At the same time, the financial markets are creatively building sustainability incentives into loans, debt and financial instruments at an unprecedented rate — an effort to reduce the intangible risks lurking on their own balance sheets.
Just the beginning
Before the recent rise of sustainability-linked loans, precious few mechanisms in the market could truly hold companies accountable for reaching their sustainability goals. A shareholder proposal, even if it gets approved, often led to reports on how companies were performing — but not necessarily to better performance. The market for these loans, which specifically tie funding to achieving sustainability or environmental goals, is likely to grow twentyfold this year, representing up to $150 billion in financing, JPMorgan said.
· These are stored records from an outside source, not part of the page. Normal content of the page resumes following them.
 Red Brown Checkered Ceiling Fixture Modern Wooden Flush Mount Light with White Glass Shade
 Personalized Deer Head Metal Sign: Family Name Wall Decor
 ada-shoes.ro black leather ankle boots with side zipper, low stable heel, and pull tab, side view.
A better rate on corporate debt when interest rates already are low is a modest incentive, but banks are betting these loans will lead to better ESG performance because missing out on a better deal for your cost of capital can be pretty frustrating for CFOs.
I plan to unpack this growing market in my plenary conversation next week at GreenFin 21, with Enel CFO Alberto De Paoli, AB InBev CFO Fernando Tennenbaum and Pimco CIO Scott Mather. The two corporates have issued billions of dollars of debt with sustainability-linked guarantees and requirements in the past few years, and inquiring minds want to know how much of an impact these loans are having on corporate finance.
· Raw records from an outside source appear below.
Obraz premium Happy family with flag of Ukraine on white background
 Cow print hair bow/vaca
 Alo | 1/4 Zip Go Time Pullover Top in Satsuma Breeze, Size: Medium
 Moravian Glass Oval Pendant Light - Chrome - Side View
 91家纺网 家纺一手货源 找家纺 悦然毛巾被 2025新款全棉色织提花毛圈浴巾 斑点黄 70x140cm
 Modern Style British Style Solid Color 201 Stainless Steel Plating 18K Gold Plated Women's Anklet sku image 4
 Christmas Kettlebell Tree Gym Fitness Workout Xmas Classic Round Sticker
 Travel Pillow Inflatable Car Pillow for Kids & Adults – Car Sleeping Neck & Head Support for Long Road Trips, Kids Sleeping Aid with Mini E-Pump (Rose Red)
For CFOs, the multibillion-dollar shift to sustainable debt is really just the beginning. “As custodians of over $14 trillion a year in corporate investment, CFOS are a driving force for achievement of the SDGs,” said Marie Morice, head of sustainable finance at the United Nations Global Compact. “It is increasingly crucial for CFOs to help their companies shape credible, SDG-aligned corporate sustainability strategies.”
The corporate spending pool is actually enough to make a dent in reaching the Sustainable Development Goals.
Still, three out of four CEOs and CFOs say their company is underprepared for climate change. And to be honest, there are so many unknowns in climate change that it’s hard to think of many companies that truly would make it through a prepared checklist today:
(✓) Scenario plans
(✓) Independent energy supply
(✓) Negative emissions
(✓) Supply-chain contingencies
(✓) Critical business locations protected from flood, heat, fire, storms
In a world that is rapidly shifting, when corporate value is more ephemeral than ever before, it’s definitely worth trying.